Flying Out from the Colonies
Field Notes from Mexico from Dr. Bill Calvert

March 16, 1998

Dr. Bill Calvert
Dr. Bill Calvert

The monarchs again put on a sterling performance last week! During our last day in the area, we witnessed a massive flow of tens of thousands of butterflies flying out of the colony down across a pasture. All of the butterflies within 3 m of the ground were flying in the same direction giving the impression of a massive sheet of orange and black colored creatures streaming slowly downward. At the middle of the pasture there was a seep of water. Thousands of monarchs were at the seep drinking water from the water soaked mud and from open pools, but the majority were flying on pass the seep. Above 3 m fewer butterflies were flying in the opposite direction back towards the colony.

Descending the Mountain
This colony was the Rosario "bud colony." It was the lower part of the Rosario colony that had budded off from the main colony, which occupied a site in the same drainage, but at a higher elevation. Each day more butterflies left the upper (original) colony and joined the bud colony. At this point in time (March 11), it was hard to tell whether the bud colony or the main colony had more butterflies. The bud colony was stopped from descending to even lower elevations by fields and pastures that came all the way up to 3000 m elevation. Earlier in the year the butterfly colony was located above the Llano del Conejo at 3240 m elevation. Monarch colonies always descend the mountain during the course of the monarch's 5 month tenure. This descent accelerates during late February and March when the combination of intense sunshine and lack of clouds and moisture in the air warms up the ambient considerably. The descent is almost always associated with a particular arroyo or drainage.

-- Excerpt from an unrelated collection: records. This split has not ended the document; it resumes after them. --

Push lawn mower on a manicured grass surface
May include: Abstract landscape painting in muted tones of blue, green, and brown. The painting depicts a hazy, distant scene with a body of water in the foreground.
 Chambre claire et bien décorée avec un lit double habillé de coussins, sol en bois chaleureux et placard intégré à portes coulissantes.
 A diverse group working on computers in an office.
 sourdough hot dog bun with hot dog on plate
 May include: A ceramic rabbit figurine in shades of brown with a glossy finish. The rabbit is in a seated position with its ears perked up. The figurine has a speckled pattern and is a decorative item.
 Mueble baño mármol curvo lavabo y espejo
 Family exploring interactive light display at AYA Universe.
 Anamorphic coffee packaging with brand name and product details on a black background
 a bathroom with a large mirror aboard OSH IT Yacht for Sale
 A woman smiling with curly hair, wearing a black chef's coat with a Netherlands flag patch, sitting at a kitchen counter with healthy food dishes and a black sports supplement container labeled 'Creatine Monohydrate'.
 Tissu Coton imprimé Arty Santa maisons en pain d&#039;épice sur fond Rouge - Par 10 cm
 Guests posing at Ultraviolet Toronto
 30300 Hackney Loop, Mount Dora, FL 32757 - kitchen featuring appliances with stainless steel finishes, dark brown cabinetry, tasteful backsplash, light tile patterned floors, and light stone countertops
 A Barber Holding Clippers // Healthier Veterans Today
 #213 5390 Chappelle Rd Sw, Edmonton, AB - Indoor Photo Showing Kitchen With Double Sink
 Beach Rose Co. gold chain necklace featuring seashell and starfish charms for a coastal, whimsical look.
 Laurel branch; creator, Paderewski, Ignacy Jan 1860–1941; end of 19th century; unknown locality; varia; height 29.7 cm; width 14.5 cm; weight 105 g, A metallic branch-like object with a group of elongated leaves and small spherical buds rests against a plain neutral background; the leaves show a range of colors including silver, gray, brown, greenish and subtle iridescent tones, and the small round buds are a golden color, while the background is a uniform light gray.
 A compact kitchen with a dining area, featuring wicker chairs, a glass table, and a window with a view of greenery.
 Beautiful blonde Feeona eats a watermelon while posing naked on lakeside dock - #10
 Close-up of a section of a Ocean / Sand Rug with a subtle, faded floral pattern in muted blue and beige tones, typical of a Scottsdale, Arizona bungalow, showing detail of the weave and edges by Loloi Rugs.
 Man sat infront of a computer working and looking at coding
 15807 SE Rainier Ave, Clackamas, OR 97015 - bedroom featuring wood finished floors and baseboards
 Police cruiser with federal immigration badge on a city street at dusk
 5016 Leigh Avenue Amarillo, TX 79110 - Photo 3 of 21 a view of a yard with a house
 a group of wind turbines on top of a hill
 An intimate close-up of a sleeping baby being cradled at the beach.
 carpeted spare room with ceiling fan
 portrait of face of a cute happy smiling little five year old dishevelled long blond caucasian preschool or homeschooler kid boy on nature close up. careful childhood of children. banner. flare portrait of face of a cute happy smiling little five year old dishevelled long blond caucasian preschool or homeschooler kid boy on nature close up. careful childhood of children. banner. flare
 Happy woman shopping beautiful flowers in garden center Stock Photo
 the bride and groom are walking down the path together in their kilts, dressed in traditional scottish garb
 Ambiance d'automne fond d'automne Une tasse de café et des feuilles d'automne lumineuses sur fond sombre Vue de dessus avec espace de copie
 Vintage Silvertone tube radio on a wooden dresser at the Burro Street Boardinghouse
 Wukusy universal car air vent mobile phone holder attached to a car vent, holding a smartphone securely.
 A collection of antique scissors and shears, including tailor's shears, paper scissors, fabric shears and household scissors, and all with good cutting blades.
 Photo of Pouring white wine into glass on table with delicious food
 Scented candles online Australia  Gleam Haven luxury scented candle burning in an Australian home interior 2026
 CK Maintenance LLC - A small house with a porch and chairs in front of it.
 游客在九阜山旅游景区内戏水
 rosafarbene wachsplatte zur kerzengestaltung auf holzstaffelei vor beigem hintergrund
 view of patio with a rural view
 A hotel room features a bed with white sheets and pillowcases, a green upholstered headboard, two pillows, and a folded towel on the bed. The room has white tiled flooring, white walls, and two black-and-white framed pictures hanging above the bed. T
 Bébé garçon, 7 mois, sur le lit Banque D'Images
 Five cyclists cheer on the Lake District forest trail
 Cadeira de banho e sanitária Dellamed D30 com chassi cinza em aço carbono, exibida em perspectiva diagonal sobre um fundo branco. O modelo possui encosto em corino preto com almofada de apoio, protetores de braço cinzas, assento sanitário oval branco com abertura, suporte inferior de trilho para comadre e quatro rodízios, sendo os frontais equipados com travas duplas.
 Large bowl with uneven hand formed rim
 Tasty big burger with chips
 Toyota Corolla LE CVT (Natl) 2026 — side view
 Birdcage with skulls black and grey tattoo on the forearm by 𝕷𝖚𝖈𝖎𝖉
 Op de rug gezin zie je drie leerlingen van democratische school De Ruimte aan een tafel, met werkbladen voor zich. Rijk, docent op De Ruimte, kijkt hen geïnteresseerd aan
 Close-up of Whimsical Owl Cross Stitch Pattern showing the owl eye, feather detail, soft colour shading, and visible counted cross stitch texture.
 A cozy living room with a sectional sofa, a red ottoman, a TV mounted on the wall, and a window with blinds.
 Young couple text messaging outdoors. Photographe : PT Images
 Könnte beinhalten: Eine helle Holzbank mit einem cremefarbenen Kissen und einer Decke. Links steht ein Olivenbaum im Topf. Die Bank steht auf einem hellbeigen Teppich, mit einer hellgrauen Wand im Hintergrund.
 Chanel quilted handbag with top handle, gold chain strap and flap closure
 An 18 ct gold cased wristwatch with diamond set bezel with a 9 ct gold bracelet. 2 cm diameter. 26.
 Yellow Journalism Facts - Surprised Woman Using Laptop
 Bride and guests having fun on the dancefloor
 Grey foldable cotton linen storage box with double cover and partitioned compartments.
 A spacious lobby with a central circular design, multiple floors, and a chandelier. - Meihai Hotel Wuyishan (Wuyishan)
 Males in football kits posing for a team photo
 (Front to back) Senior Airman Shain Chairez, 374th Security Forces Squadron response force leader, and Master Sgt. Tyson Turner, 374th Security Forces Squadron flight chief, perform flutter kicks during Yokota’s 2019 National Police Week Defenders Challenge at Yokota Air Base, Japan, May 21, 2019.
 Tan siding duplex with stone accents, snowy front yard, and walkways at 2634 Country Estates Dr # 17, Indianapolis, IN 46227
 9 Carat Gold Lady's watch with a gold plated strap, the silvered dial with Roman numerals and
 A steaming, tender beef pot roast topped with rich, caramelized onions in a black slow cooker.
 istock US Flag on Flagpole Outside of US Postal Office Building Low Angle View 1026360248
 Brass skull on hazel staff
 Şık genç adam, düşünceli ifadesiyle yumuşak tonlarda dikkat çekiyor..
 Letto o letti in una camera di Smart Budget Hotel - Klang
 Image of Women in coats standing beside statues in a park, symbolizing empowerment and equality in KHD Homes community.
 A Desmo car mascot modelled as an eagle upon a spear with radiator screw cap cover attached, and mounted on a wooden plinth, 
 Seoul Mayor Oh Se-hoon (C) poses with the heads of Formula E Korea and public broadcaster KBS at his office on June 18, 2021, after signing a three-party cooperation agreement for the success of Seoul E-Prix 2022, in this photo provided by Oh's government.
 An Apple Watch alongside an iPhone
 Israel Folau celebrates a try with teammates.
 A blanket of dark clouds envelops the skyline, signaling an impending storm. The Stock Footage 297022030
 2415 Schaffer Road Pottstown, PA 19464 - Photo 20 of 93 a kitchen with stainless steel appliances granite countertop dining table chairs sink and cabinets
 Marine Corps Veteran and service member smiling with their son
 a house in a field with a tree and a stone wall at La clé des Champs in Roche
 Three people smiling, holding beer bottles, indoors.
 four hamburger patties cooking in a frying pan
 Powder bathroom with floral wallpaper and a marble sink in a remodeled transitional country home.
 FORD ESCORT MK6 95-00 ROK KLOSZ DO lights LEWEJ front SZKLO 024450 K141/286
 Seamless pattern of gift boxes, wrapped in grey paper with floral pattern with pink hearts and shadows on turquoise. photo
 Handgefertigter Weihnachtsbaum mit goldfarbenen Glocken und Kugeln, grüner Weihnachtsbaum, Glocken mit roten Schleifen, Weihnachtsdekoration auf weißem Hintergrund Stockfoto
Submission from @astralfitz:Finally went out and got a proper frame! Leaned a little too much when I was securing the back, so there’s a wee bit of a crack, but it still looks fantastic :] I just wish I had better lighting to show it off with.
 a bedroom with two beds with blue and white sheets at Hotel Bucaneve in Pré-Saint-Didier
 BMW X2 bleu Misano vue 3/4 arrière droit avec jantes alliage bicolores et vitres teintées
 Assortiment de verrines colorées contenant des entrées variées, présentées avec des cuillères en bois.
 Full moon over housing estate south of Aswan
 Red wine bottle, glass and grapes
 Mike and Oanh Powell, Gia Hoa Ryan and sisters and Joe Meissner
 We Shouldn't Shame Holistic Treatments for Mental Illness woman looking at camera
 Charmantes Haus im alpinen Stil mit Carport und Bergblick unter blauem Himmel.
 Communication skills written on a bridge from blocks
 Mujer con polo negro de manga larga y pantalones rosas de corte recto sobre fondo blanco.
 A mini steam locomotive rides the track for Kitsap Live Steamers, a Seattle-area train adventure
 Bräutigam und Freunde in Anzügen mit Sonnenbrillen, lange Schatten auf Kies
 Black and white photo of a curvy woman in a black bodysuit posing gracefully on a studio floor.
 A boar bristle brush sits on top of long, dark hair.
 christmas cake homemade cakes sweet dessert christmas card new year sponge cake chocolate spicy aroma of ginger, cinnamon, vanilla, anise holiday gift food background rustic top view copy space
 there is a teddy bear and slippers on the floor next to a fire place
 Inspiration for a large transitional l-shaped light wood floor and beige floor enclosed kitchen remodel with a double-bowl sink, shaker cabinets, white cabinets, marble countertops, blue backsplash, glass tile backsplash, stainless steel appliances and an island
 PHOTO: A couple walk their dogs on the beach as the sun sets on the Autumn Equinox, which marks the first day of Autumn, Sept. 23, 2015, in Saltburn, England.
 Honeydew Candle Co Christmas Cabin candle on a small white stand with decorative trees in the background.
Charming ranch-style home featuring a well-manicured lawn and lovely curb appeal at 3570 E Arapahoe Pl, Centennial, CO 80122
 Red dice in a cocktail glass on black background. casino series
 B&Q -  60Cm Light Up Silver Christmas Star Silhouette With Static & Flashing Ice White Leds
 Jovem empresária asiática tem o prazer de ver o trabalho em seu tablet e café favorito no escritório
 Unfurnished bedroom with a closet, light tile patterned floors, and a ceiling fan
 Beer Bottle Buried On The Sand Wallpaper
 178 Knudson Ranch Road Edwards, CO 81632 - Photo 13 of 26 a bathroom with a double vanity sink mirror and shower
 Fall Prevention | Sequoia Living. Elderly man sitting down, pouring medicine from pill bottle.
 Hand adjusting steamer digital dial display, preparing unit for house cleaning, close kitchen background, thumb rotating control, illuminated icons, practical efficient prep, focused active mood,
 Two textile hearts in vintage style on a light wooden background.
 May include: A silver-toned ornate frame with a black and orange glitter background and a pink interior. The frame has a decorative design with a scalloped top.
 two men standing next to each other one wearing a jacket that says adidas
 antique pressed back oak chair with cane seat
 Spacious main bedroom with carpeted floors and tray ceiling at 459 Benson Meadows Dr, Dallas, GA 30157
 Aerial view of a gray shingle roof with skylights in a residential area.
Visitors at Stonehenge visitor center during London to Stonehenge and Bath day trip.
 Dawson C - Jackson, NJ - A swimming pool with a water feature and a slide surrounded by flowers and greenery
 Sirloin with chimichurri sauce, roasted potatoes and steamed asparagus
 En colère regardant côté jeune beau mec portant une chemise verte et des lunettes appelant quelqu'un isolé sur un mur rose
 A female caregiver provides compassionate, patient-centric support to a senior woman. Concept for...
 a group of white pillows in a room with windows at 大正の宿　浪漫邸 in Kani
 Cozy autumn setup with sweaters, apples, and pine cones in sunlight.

At Rosario they usually follow the drainage called Arroyo Los Conejos. However, this year they used another drainage about 1.5 km to the northwest of Los Conejos. This small drainage is not named on the local topographic map, but is called (inappropriately) the Rio Grande by the locals. When we were there (well into the dry season), there was only a little water flowing in it. In contrast, at Chincua, the monarchs first formed one of their colonies at 3100 m and descended to 2800 m by mid-March. At Chincua they had plenty of dense forest with a good supply of water to shield them from the intense tropical sun and associated warmth. The lack of forest at the field edge in El Rosario did not stop them entirely however. During the day butterflies poured out of the bud colony and over the ridge at the little community, La Salud, towards Angangueo.

Heading North!
These butterflies are undoubtedly part of the return migration to the United States and Canada. Each day tens of thousands pass through the town of Angangueo. They are all going in the same direction - northward. Back towards Rosario, many thousands are taking nectar from flowering plants, especially eupatorium and scenecios along the road to Angangueo. Many of these do not return to the bud colony mentioned above. Instead they bud again, forming smaller aggregations in remnant pieces of woods along the Angangueo-Rosario road. These small remnants of woodland may be very important to them in offering nighttime shelter from cold and predators.

We witnessed many fires burning in forests all over the states of Mexico and Michoacan. Fires were so frequent and dense that a permanent haze was evident in the sky. None of these were 'serious' fires such as the crown fires that we hear about in our northern forests. All were ground fires burning along the forest floors. They created a lot of smoke and locally, a lot of heat. One such fire was burning near the Chincua colony located in the Arroyo Honda about 5 km northwest of Angangueo. Although the smoke from this fire was clearly visible, it apparently has not affected the Chincua butterfly colony.